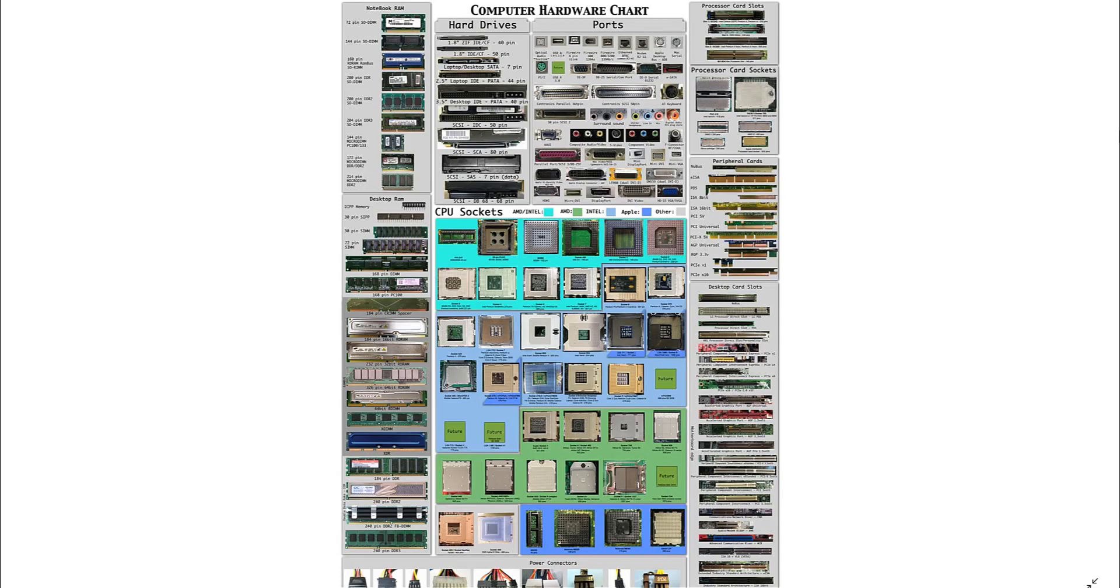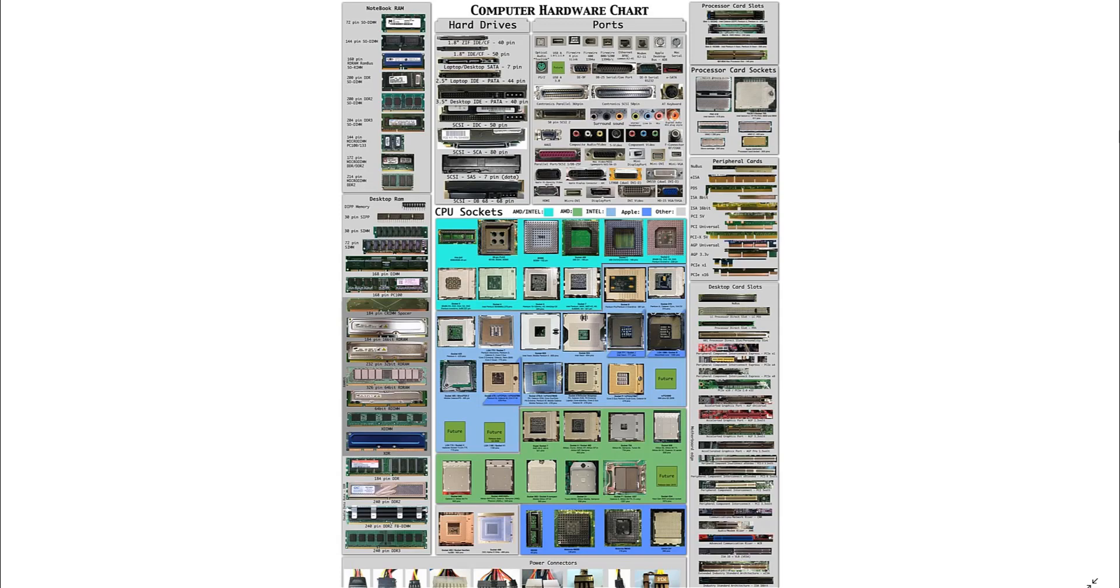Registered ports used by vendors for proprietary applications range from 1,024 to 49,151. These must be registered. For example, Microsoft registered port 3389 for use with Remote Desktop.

--

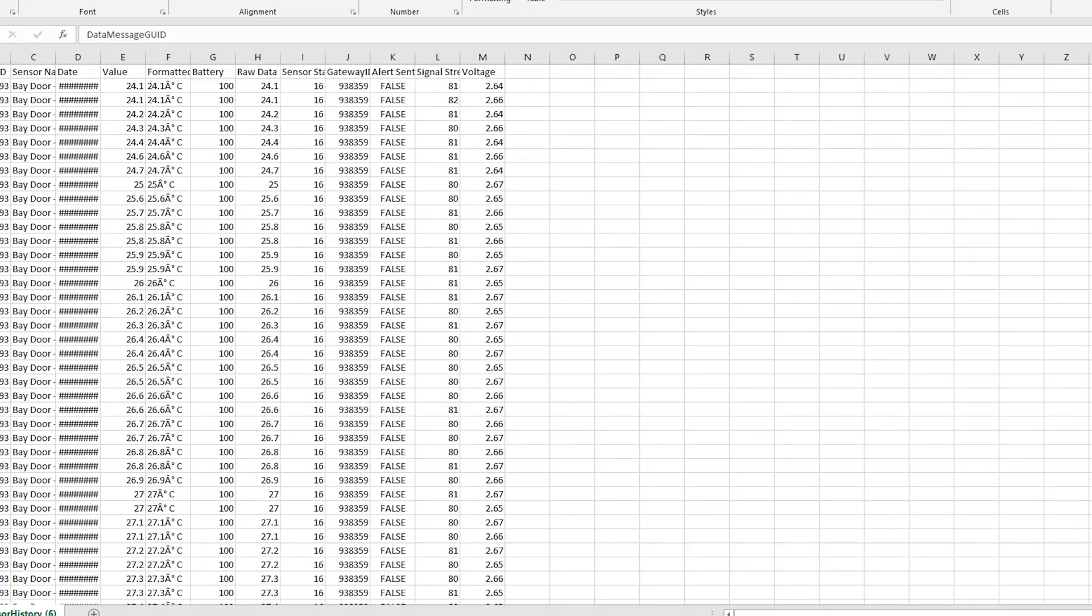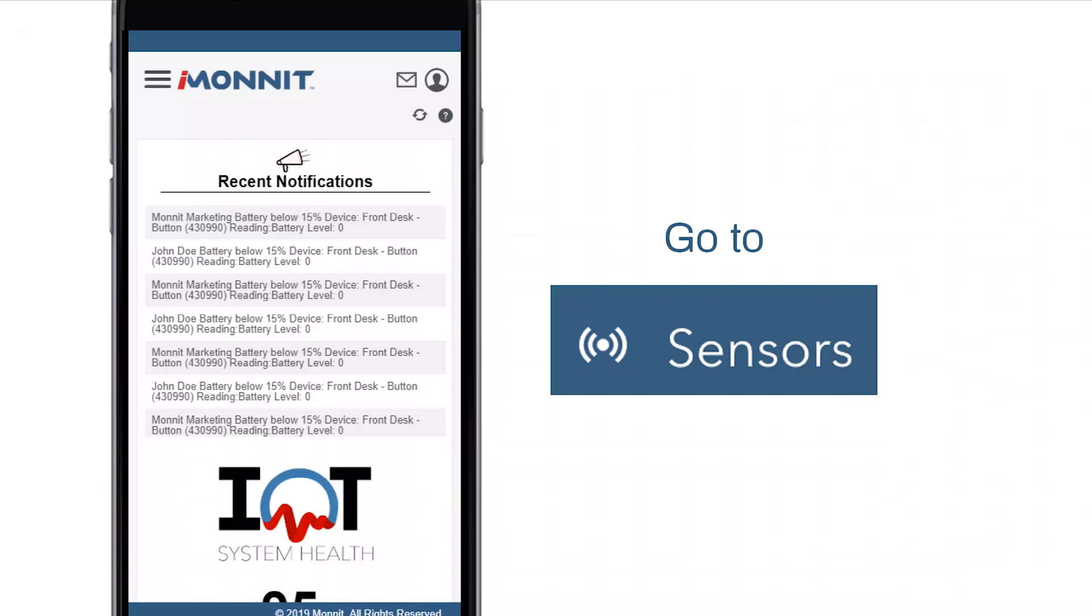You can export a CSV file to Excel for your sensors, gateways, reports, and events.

--

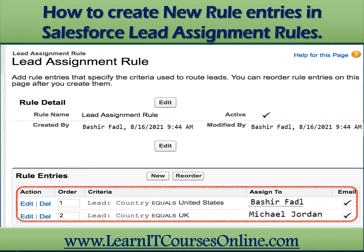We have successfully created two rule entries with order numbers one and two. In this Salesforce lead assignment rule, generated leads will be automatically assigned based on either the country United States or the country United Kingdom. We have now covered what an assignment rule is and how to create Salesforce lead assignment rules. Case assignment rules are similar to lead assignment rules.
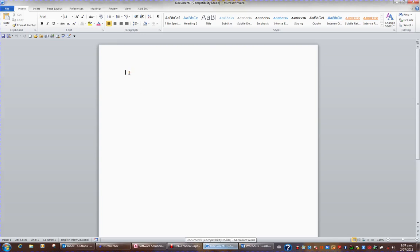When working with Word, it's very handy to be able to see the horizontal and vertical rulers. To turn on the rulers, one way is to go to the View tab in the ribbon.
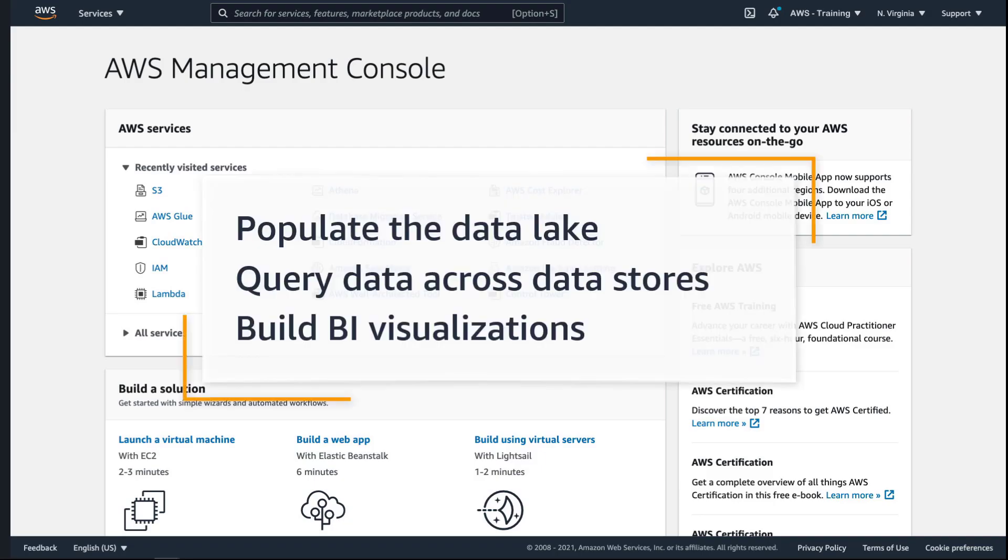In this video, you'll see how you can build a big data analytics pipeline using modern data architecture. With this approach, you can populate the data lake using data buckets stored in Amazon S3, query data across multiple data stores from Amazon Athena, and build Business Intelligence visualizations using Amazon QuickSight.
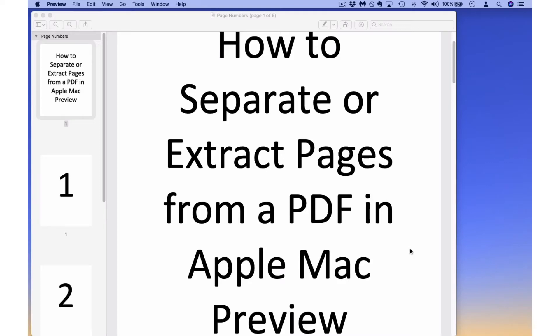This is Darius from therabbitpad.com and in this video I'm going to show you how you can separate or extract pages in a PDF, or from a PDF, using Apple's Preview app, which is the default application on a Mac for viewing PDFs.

- [EXERCISE INSTRUCTIONS] What's needed is an exact copy of the records above from the line containing "When working with" down to the line containing "This is Darius", both included, without any pictures.

- [YOUR SOLUTION]
When working with Word, it's very handy to be able to see the horizontal and vertical rulers. To turn on the rulers, one way is to go to the View tab in the ribbon.
In this video, you'll see how you can build a big data analytics pipeline using modern data architecture. With this approach, you can populate the data lake using data buckets stored in Amazon S3, query data across multiple data stores from Amazon Athena, and build Business Intelligence visualizations using Amazon QuickSight.
This is Darius from therabbitpad.com and in this video I'm going to show you how you can separate or extract pages in a PDF, or from a PDF, using Apple's Preview app, which is the default application on a Mac for viewing PDFs.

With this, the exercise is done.